Le bon choix dépend du vrai goulot d’étranglement de l’équipe. Un indépendant qui traite quelques postes par mois n’achète pas comme un cabinet avec des pics de volume, une agence d’intérim à forte rotation ou une équipe interne qui a besoin de traçabilité et de contrôle du processus. La référence utile n’est pas seulement le prix d’entrée. C’est le coût par contact valable, le temps manuel qu’exige chaque flux et le nombre de conversations réelles finalement générées.

Si l’objectif est de sortir des e-mails vérifiés avec une dépense contenue, Hunter, Skrapp et GetProspect s’intègrent bien dans des scénarios simples. Ils fonctionnent mieux quand vous savez déjà qui chercher et n’avez qu’à trouver ou valider des données de contact sans monter un système plus large. Pour des recherches ponctuelles ou de faibles volumes, le ROI est généralement raisonnable.

Le calcul change si vous payez déjà LinkedIn Sales Navigator. Dans ce cas, Evaboot ou Wiza peuvent rendre davantage parce qu’ils pressent une source déjà présente dans le stack. Ils ne changent pas votre façon de travailler.
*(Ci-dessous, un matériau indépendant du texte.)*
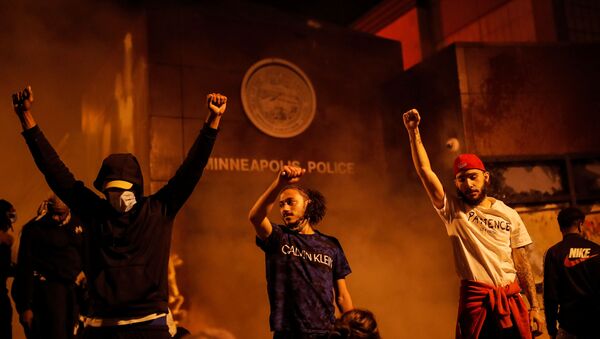 Protesters react after setting fire to the entrance of a police station as demonstrations continue after a white police officer was caught on a bystander's video pressing his knee into the neck of African-American man George Floyd, who later died at a hospital, in Minneapolis, Minnesota, U.S., May 28, 2020. - Sputnik International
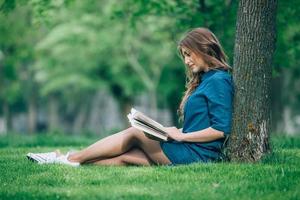 Girl reading a book in park photo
Ils réduisent le temps d’extraction, de nettoyage et d’export, ce qui n’est pas la même chose que de réduire le travail de sourcing de bout en bout.

Snov.io et FindThatLead se situent entre les deux. Ils servent quand il faut plus qu’un chercheur d’e-mails, mais qu’une plateforme plus intégrée ne se justifie pas encore. Le problème arrive avec la croissance. Les pièces détachées s’accumulent : un outil pour chercher, un autre pour vérifier, un troisième pour envoyer, puis des tableurs ou l’ATS pour recomposer le processus.

À ce stade, beaucoup d’outils de sourcing pas chers cessent d’être bon marché. Le coût réel part en tâches manuelles, en doublons, en données peu traçables et en difficulté à savoir quel canal apporte des candidats contactables et des réponses utiles.

Pour bien choisir, il vaut la peine de passer cinq questions en revue avant de regarder l’abonnement mensuel :

  • Combien de travail manuel il supprime
  • Combien de contacts vérifiables il livre
  • Quelle part du filtrage repose encore sur le recruteur
  • Si l’outreach est intégré ou impose d’ajouter un autre outil
  • Comment le coût évolue quand une personne de plus rejoint l’équipe

Ce critère change pas mal le classement.

Un outil bon marché pour enrichir des e-mails peut avoir du sens si votre sourcing est déjà réglé et qu’il ne vous manque que le contact. Un outil bon marché pour extraire des données de Sales Navigator peut aussi être rentable si l’équipe y travaille tous les jours. Mais si le problème porte sur tout le flux, de l’identification des profils au contact sans passer par cinq onglets, le ROI se dégrade vite avec un stack fragmenté.

C’est pourquoi il vaut la peine de comparer aussi des alternatives plus intégrées comme HeyTalent. Sa place dans le stack n’est ni celle d’un finder pur ni celle d’un scraper ponctuel. Elle couvre sourcing, filtrage par IA, données de contact et outreach dans un même flux. Pour un recruteur qui veut réduire le travail opérationnel et mieux mesurer quelles actions finissent en conversation, cette intégration peut rapporter davantage que plusieurs petites licences additionnées.

La décision finale est simple. Si un outil supprime des étapes, réduit le bruit et améliore le ratio entre crédits consommés et contacts utiles, il mérite sa place dans votre stack. S’il n’ajoute qu’un onglet et un export manuel de plus, le prix bas est trompeur.